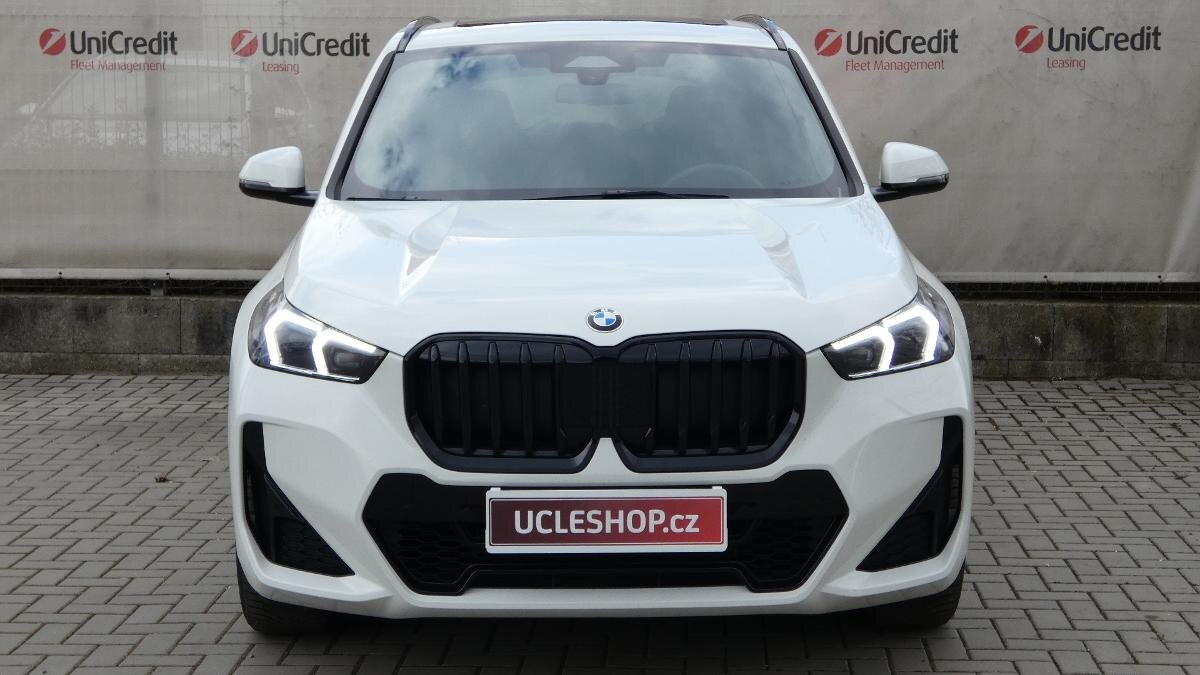 BMW X1 SUV / Terénní 2,0 l 110 kw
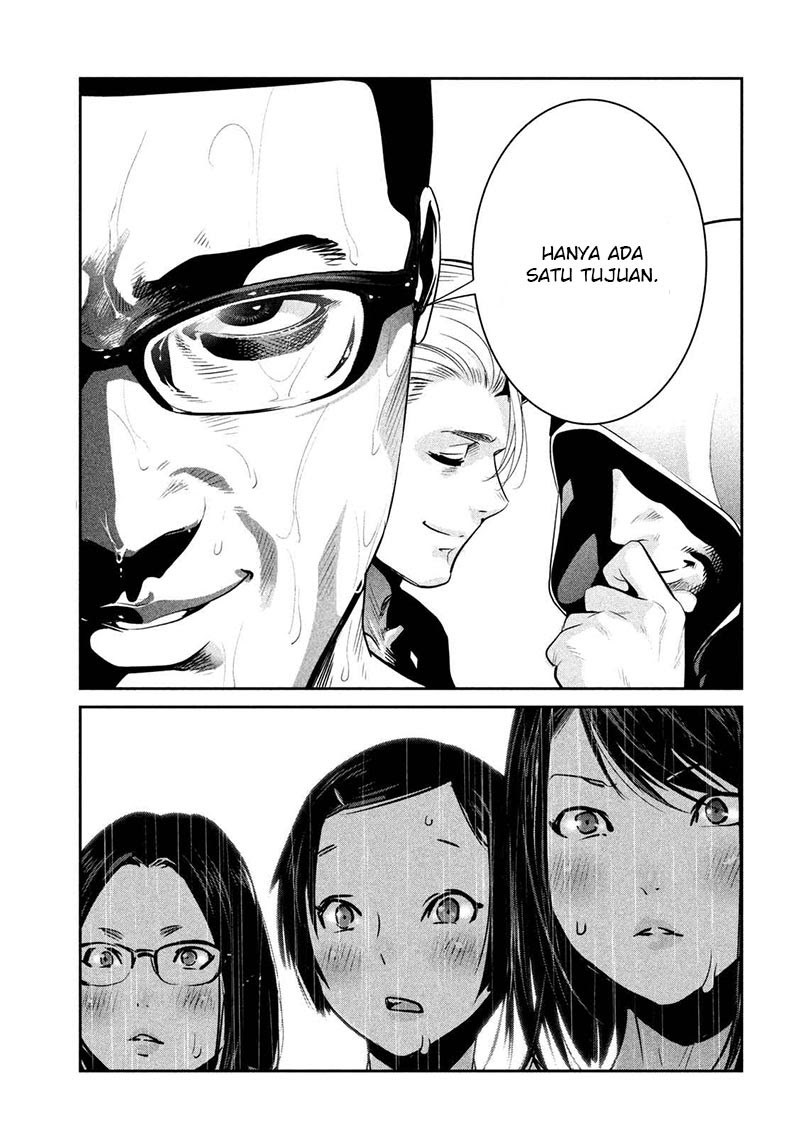 Prison School Chapter 272 Gambar 10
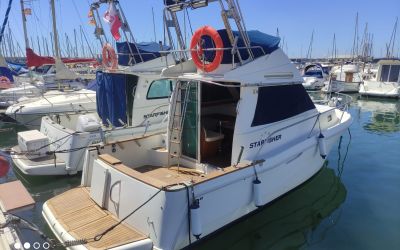 STARFISHER 840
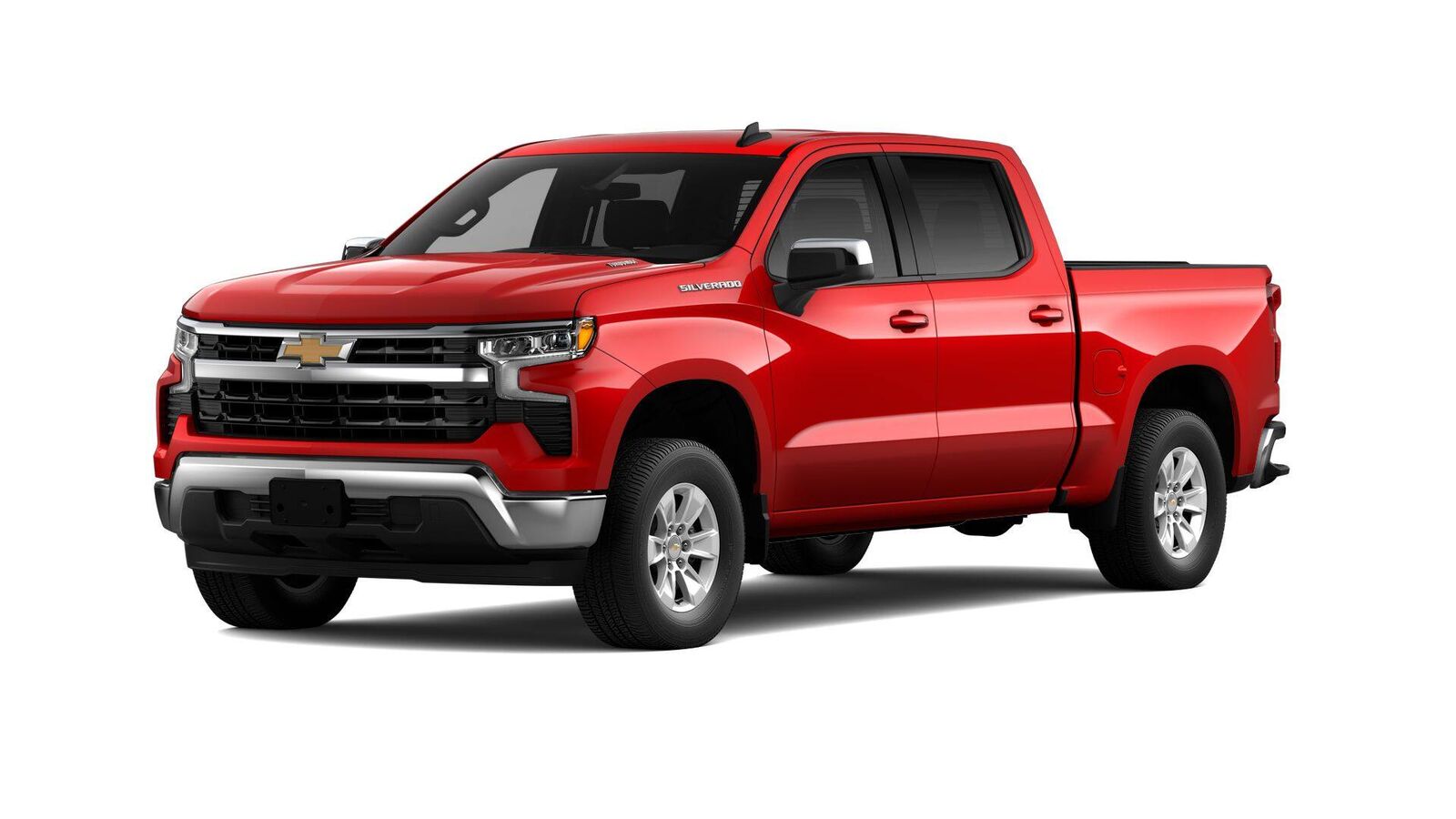 2026 CHEVROLET Silverado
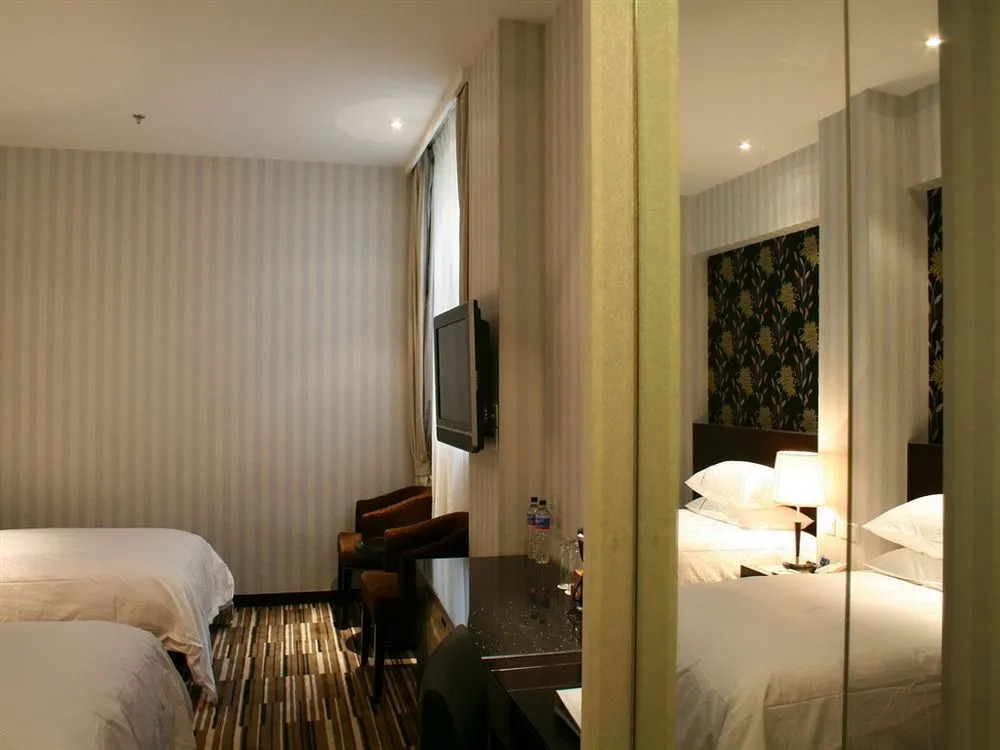 Shanghai Baron Business Hotel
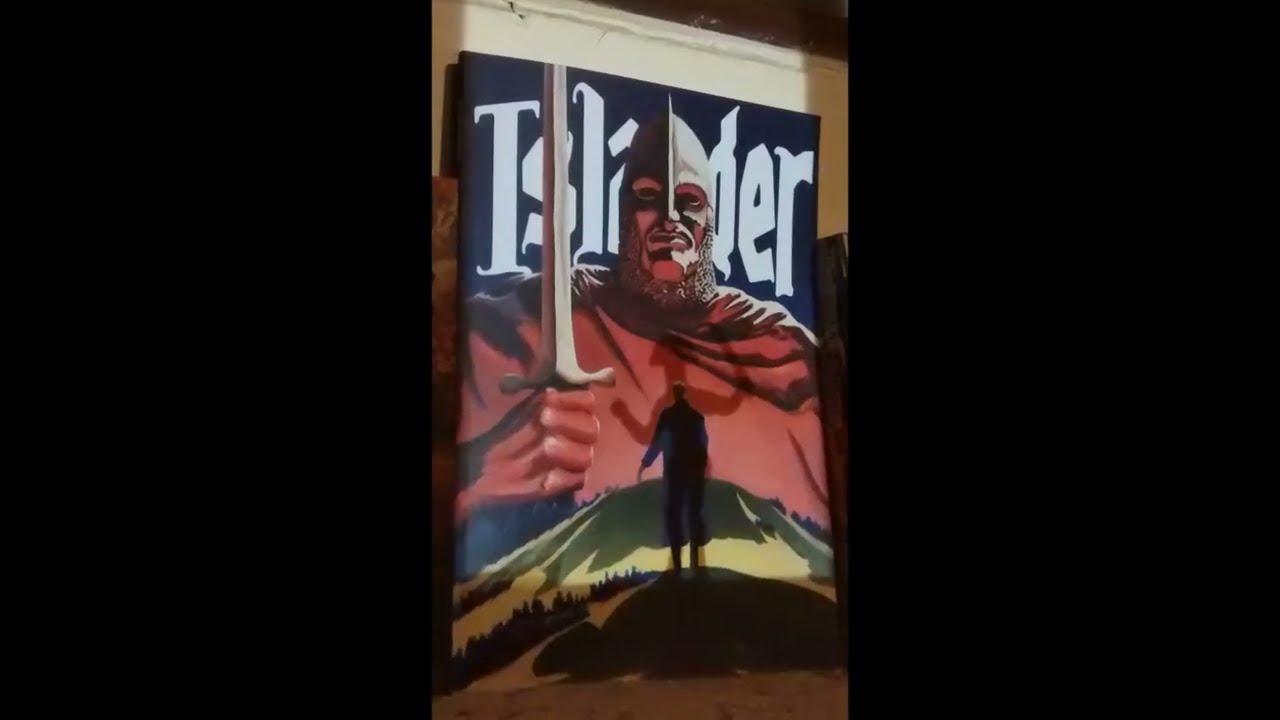 Review: Islander Issue 5 by the Lotus Eaters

WORK ORDER –
Could you set down word for word each line from the one holding "STARFISHER 840" through the end of the material above, without any pictures?

WRITTEN RESPONSE –
 STARFISHER 840
 2026 CHEVROLET Silverado
 Shanghai Baron Business Hotel
 Review: Islander Issue 5 by the Lotus Eaters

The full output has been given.